_Description of the task_: Print the data exactly as it is given, please.

_Collected material_:
++++

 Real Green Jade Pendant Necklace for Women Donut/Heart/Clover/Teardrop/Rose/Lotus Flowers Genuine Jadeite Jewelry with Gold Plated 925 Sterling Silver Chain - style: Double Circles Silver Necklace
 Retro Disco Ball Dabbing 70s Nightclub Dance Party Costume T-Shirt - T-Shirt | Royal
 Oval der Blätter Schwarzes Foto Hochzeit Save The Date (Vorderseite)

++++

_Exercise answer_:
 Real Green Jade Pendant Necklace for Women Donut/Heart/Clover/Teardrop/Rose/Lotus Flowers Genuine Jadeite Jewelry with Gold Plated 925 Sterling Silver Chain - style: Double Circles Silver Necklace
 Retro Disco Ball Dabbing 70s Nightclub Dance Party Costume T-Shirt - T-Shirt | Royal
 Oval der Blätter Schwarzes Foto Hochzeit Save The Date (Vorderseite)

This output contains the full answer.